In their book Economics: Marxian versus Neoclassical (1987), Richard Wolff and Stephen Resnick explain that the criticism of neoclassical economics cannot be a narrow-scope and finalized critique. According to them, neoclassical economics is not simply an economic doctrine about how the capitalist economy works. It is connected to a general power scheme that shapes the market mechanisms, norms, and rationality in the economic realm as well as culture, habits, and patterns of behavior in the non-economic domains. Resnick and Wolff call for a new critique of neoclassical economics in the neoliberal era because, in Foucauldian terms, they consider neoclassical economics as ‘knowledge-power’ that programs the state, society, and the conducts of the individual through security management technologies. In this respect, it is necessary to open up another way of criticism beyond the traditional disapproval of neoclassical economics based on the critique of its scientific assumptions and method, which tries to elicit that neoclassical economics does not explain reality. Considering that the neoclassical theory, which presumably does not explain reality, has the greatest potential to produce truths to govern and construct reality, a new critique becomes necessary. This critique should first identify the links between neoclassical economics and neoliberal governmentality. As such, a new line of criticism is required for the understanding of the dynamism of symbolic tools, political reason, and self- and social technologies of neoclassical economics that disseminate neoliberal norms and rationality starting from economics education. When the problem is described so, Foucault was the first to approach neoclassical economics from this line of criticism.

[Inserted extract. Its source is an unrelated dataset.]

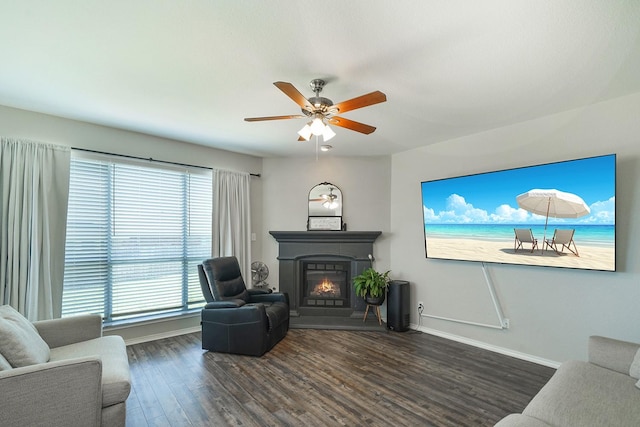 living room featuring ceiling fan and dark wood-type flooring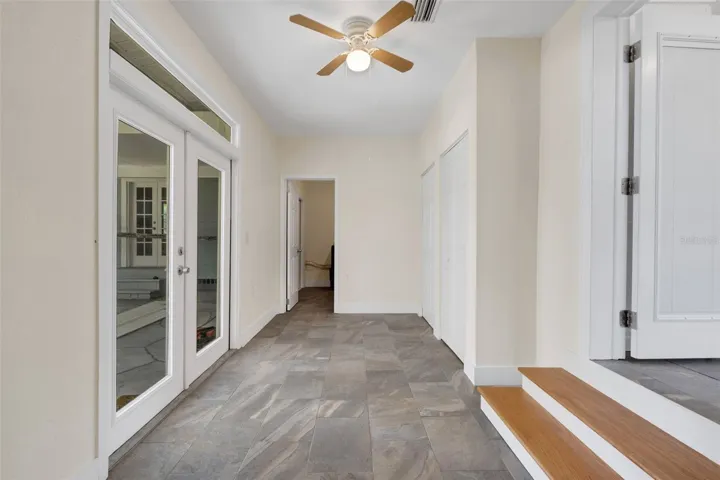Florida Room offers additional closet storage options and direct access to the covered patio/lanai in back of the home.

The term neoclassical was coined by Thorstein B. Veblen in his 1900 article “The Preconceptions of Economic Science” (Veblen, 1900). Veblen (1898, 1909) argues that neoclassical economics with its reductionist, teleological, non-evolutionary, static, and taxonomic theoretical structure was simply the continuation of classical political economy. Thus, he calls it with the term ‘neo-classical’, which delineates little and simple modification of classical political economy. What is more, Veblen argues that neoclassical economics relies on the same logic of liberalism, which tries to advance capitalist property relations by promoting the ‘absentee ownership’ detrimental to the industrial system and material production process which secures the welfare of the society at large. Thus, for Veblen, both classical political economy and neoclassical economics are a kind of‘sabotage’ (Veblen, 1994) of the industrial system and welfare of the society. Although aiming in a similar direction by calling them ‘knowledge-power’, Foucault would not agree in total with Veblen because Foucault recognizes essential differences between the two schools. Foucault discusses these differences in terms of liberal governmentality, not economic theorizing and its ideological biases. However, as already noted, Foucault did not examine and analyze the early neoclassical economics as part of the history of liberal governmentality to the full. “So I will skip two centuries,” he writes, “because obviously 1 do not claim to be able to undertake the overall, general, and continuous history of liberalism from the eighteenth to the twentieth century” (Foucault, 2008: 78). He is mainly concerned with the essentials of the path-breaking shift from classical liberalism of the 18th century to 20th-century neoliberalism. Be that as it may, Foucault’s rapid move into the 20th century is a very quick shift that leads to a huge lacuna in his ‘history of governmentality’ between classical liberal and neoliberal governmentality.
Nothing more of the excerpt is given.